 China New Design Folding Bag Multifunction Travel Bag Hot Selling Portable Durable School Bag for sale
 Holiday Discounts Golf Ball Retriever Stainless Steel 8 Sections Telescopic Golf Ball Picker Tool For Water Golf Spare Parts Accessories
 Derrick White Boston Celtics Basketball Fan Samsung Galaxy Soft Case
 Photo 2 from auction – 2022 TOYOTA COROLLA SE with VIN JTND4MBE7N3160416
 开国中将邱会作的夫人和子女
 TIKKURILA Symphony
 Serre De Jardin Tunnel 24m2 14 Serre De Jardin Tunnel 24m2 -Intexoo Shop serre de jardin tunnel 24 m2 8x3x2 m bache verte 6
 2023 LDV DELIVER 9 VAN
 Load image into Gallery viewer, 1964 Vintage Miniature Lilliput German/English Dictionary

§ §

PROMPT
The lines to return run from the one containing "2023 LDV DELIVER 9 VAN" through the last line of the material above. Please reproduce them exactly.

RESPONSE TO THIS TASK
 2023 LDV DELIVER 9 VAN
 Load image into Gallery viewer, 1964 Vintage Miniature Lilliput German/English Dictionary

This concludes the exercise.